EXERCISE AIM:
Where a line in the listing contains the string "Keyboard", copy that line out.

── ENTRIES SHOWN

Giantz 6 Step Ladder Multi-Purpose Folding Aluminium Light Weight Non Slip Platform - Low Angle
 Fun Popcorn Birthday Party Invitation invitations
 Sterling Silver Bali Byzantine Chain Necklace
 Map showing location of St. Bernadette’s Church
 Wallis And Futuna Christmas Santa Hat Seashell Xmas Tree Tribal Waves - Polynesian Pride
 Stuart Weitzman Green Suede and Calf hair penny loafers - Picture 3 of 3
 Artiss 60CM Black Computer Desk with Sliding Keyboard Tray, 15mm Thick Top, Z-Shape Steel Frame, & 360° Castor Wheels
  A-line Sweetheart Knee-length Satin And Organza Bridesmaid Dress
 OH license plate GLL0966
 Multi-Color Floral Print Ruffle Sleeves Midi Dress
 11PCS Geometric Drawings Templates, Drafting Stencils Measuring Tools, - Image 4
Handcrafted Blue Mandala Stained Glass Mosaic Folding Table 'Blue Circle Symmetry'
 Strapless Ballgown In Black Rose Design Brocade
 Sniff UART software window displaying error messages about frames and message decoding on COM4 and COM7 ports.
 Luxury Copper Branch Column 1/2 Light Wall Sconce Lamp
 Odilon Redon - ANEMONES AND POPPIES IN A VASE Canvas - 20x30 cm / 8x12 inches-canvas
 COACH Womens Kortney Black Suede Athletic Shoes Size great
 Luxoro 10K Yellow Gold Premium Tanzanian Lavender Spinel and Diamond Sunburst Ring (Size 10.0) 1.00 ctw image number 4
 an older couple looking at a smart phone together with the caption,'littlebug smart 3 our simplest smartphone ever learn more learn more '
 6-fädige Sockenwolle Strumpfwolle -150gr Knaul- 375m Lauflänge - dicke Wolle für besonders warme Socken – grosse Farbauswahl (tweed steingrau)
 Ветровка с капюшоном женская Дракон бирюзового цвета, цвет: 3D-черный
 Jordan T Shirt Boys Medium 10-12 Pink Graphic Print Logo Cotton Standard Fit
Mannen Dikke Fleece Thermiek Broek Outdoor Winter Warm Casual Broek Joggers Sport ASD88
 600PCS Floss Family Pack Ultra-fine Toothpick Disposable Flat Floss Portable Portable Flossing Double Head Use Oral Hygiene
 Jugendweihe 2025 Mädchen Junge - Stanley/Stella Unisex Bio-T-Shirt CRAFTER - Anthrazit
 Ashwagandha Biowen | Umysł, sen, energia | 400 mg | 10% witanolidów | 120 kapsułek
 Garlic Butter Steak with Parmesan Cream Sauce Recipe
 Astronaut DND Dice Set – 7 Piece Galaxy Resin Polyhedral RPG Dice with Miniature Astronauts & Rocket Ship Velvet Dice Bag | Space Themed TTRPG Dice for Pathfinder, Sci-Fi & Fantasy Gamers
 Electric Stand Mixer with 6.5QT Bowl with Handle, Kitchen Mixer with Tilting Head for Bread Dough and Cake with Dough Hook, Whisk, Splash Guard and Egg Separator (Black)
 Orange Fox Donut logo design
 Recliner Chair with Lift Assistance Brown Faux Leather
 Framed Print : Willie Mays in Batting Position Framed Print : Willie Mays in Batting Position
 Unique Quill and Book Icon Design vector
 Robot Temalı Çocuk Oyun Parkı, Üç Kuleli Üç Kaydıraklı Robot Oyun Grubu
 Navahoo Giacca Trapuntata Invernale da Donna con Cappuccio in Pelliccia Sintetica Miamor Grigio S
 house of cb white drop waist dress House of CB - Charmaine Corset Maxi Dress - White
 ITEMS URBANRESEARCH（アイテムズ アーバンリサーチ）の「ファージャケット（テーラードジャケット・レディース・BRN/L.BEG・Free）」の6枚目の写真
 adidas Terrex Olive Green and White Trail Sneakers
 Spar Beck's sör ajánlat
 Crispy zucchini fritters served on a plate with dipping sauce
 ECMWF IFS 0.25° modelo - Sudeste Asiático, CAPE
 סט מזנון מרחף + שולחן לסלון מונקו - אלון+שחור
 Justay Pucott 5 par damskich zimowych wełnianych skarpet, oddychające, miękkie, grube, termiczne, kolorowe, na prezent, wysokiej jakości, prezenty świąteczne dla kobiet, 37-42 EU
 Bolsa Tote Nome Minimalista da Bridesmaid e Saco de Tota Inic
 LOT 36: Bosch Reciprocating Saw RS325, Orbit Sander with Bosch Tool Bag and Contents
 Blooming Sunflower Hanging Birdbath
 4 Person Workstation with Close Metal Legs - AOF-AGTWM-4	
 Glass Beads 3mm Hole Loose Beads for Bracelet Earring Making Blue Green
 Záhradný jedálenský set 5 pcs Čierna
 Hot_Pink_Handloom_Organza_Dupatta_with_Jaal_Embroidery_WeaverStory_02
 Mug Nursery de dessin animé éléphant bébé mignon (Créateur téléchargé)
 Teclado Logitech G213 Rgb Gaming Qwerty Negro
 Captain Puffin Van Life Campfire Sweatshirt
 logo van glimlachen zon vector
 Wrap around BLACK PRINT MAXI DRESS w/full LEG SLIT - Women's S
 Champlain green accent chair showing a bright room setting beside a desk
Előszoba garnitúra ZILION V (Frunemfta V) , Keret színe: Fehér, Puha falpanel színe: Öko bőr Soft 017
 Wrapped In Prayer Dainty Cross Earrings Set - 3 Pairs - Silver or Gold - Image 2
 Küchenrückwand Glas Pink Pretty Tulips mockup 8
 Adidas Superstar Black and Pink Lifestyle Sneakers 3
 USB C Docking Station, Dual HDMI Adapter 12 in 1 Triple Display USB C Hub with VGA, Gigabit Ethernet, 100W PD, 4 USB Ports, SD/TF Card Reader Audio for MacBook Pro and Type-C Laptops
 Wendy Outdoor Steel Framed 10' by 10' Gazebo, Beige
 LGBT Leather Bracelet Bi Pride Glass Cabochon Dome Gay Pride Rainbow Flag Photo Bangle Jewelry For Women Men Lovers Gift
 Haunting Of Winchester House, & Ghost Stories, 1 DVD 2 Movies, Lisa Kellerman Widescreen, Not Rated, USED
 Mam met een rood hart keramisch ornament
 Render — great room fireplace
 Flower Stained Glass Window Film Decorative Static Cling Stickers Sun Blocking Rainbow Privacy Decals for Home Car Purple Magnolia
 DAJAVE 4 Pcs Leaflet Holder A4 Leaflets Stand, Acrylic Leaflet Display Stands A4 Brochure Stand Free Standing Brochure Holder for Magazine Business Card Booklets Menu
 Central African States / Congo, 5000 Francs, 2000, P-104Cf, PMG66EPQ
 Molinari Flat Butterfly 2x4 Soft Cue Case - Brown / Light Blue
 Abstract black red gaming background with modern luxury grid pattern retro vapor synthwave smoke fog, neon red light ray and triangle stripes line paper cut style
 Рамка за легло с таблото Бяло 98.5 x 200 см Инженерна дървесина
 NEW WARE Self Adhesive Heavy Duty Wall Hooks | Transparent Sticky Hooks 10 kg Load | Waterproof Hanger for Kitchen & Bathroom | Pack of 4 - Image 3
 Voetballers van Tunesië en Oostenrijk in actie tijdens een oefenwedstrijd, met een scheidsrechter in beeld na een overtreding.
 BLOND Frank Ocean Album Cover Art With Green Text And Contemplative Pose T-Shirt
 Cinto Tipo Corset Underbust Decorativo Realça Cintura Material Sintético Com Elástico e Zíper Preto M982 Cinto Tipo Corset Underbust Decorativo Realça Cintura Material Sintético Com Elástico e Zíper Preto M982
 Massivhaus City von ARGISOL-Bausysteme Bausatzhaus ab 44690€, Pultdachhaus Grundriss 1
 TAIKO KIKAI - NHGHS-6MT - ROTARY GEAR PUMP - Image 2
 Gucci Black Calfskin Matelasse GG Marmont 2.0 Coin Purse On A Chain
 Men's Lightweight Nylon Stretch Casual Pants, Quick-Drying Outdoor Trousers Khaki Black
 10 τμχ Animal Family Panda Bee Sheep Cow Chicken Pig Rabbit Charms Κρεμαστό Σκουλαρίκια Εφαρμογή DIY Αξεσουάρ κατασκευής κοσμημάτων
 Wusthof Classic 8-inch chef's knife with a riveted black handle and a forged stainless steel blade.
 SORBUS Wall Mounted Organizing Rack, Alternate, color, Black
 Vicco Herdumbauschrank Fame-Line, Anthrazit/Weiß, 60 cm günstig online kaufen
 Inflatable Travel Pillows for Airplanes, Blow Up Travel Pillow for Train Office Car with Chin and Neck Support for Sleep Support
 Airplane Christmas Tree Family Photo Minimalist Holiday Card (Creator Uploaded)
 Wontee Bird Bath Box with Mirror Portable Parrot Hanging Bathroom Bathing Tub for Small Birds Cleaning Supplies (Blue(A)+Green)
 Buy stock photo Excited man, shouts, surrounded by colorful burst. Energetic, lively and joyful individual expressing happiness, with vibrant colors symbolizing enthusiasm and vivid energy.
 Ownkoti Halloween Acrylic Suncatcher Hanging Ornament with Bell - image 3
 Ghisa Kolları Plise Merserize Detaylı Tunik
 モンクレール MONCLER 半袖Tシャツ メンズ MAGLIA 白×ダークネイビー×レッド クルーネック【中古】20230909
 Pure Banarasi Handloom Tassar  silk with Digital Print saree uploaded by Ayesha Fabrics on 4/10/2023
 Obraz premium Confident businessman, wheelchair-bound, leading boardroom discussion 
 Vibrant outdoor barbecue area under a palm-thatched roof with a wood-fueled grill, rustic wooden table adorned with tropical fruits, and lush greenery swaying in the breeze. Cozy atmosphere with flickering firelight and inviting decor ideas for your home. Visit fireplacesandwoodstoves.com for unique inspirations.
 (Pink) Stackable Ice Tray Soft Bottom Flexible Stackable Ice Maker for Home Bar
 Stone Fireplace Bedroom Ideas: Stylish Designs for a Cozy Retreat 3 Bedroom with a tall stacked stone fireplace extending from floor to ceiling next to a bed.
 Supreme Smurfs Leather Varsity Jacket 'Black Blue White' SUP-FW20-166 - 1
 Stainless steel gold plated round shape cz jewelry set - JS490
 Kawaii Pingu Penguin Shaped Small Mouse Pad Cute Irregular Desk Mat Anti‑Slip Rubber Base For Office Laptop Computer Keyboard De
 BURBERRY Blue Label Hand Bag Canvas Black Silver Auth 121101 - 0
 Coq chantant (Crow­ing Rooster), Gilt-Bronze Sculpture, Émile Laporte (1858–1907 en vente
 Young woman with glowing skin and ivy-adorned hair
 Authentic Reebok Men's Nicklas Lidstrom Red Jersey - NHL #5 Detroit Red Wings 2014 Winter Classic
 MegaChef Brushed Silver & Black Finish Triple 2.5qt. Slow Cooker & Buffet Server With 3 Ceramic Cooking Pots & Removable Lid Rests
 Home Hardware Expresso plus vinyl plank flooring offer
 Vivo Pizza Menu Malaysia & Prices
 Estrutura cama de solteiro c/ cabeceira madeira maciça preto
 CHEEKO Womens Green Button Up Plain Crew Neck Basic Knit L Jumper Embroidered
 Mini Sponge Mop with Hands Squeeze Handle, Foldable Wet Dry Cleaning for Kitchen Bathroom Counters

────

ANSWER SECTION:
 Artiss 60CM Black Computer Desk with Sliding Keyboard Tray, 15mm Thick Top, Z-Shape Steel Frame, & 360° Castor Wheels
 Kawaii Pingu Penguin Shaped Small Mouse Pad Cute Irregular Desk Mat Anti‑Slip Rubber Base For Office Laptop Computer Keyboard De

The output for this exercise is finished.